[OT] Plurlize() Method

  • Thread starter Thread starter Mythran
  • Start date Start date
M

Mythran

This is off-topic slightly and not language dependant. But still, I would
like some pointers or suggestions regarding a pluralize method. I have a
method which accepts a string and I have it returning the plural form of the
specified string (where the specified string is a single word or word
combination). I know these types of methods won't work 100% of the time,
but a good majority of the words should work.

Any suggestions or pointers on if I'm missing anything to the following
logic would be appreciated:

If the word is null or empty, return the word (null or empty).
If the length of the word is 1 character, return the character + "s".
If the entire word is upper-case:
If the word ends in an "s", return the word + "S".
If the word ends in "is", remove the "is" and return the remaining portion
of the word + "es".
If the word ends with "s", "z", "x", "ch", or "sh", return the word + "es".
If the word ends in "y":
If the word ends with an "ay", "ey", "iy", "oy", or "uy", return the
word + "s".
Otherwise, remove the last character and return the remaining word +
"ies".

Last case scenario, if the above conditions do NOT match the specified word,
return the word + "s".

Thanks,
Mythran
 
This is off-topic slightly and not language dependant.

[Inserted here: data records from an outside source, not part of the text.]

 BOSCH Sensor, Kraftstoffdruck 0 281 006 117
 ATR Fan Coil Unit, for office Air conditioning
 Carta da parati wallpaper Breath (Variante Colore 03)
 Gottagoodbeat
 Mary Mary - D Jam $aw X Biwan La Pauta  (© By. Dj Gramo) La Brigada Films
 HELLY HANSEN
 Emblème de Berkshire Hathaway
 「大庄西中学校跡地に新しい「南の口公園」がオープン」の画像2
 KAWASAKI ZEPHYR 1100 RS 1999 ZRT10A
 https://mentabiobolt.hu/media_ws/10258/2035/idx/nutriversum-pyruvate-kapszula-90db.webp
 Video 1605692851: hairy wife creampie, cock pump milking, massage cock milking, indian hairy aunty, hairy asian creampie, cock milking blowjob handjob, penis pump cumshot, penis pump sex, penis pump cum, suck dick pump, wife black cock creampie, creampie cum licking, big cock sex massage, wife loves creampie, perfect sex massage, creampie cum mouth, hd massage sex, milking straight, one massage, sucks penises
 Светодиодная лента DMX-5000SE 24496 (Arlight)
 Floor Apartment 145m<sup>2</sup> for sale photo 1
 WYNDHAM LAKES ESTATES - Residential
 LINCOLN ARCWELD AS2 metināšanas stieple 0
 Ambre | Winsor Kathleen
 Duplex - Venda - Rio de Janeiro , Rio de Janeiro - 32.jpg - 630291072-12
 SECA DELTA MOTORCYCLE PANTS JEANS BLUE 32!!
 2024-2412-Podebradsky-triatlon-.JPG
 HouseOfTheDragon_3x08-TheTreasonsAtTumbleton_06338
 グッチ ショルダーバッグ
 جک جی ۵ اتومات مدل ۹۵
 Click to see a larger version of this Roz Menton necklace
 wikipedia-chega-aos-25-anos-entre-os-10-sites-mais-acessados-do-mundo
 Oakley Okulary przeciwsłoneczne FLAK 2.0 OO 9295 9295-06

Sounds like it's pretty dependent on English to me....


(Couldn't resist.)


What you described looks pretty good. Like you said, it won't catch
everything, but it's a good start.

Will you have a table for irregular words (mouse, goose, hyphenated stuff
like "brother-in-law")?
 
Mythran said:
This is off-topic slightly and not language dependant. But still, I
would like some pointers or suggestions regarding a pluralize method. I
have a method which accepts a string and I have it returning the plural
form of the specified string (where the specified string is a single
word or word combination). I know these types of methods won't work
100% of the time, but a good majority of the words should work.

Any suggestions or pointers on if I'm missing anything to the following
logic would be appreciated:

If the word is null or empty, return the word (null or empty).
If the length of the word is 1 character, return the character + "s".
If the entire word is upper-case:
If the word ends in an "s", return the word + "S".
If the word ends in "is", remove the "is" and return the remaining
portion of the word + "es".
If the word ends with "s", "z", "x", "ch", or "sh", return the word + "es".
If the word ends in "y":
If the word ends with an "ay", "ey", "iy", "oy", or "uy", return the
word + "s".
Otherwise, remove the last character and return the remaining word +
"ies".

Last case scenario, if the above conditions do NOT match the specified
word, return the word + "s".

Thanks,
Mythran

Aren't there some words that are unchanged in plural form?
 
Mythran said:
This is off-topic slightly and not language dependant. But still, I
would like some pointers or suggestions regarding a pluralize method. I
have a method which accepts a string and I have it returning the plural
form of the specified string (where the specified string is a single
word or word combination). I know these types of methods won't work
100% of the time, but a good majority of the words should work.
Well, it all depends on what you consider "a good majority". As long as you
always give someone an opportunity to correct the output, you can always
tweak your algorithms. If it's intended to produce fully automated output,
you should definitely be more thorough and pick a well-tested library or
list. Getting a list also allows you to test your algorithm for accuracy, so
you can make a trade-off between speed and accuracy.
Any suggestions or pointers on if I'm missing anything to the following
logic would be appreciated:

If the word is null or empty, return the word (null or empty).
If the length of the word is 1 character, return the character + "s".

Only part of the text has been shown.